Kim Kessaris
- Full name: Kimberly Lynn Kessaris
- Country (sports): United States
- Born: March 27, 1973 (age 52)
- Prize money: $41,101

Singles
- Highest ranking: No. 124 (July 17, 1989)

Grand Slam singles results
- Australian Open: 3R (1989)
- Wimbledon: 2R (1989)
- US Open: 1R (1989)

Doubles
- Highest ranking: No. 381 (October 24, 1988)

= Kim Kessaris =

American tennis player

Kimberly Lynn Kessaris (born March 27, 1973) is a former professional tennis player from the United States.

==Biography==
===Early life===
Kessaris grew up in Hendersonville, North Carolina, the daughter of Jim and Peggy. Her father, a dentist by profession, got her started in tennis when she was five. She attended the local Heritage Hall school.

Considered a tennis prodigy, she was a top ranked junior and trained at Nick Bollettieri's Tennis Academy in Florida.

===Tennis career===
Kessaris made her WTA Tour debut at Charleston in 1987, just days after her 14th birthday.
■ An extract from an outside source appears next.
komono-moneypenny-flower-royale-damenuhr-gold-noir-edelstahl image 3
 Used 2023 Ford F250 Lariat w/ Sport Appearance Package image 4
In 1988 she was beaten by Steffi Graf in only 32-minutes at a tournament in Mahwah.

At the 1989 Australian Open she defeated Andrea Farley in the girls' singles final to become the first American to win an Australian Open junior title. She also qualified for the main draw of the women's singles and made the third round.

Her best performance on the WTA Tour was a quarter-final appearance at the 1989 Virginia Slims of Houston as a lucky loser and that July she reached her highest ranking of 124 in the world.

Following the 1990 Australian Open she left professional tennis, aged 16.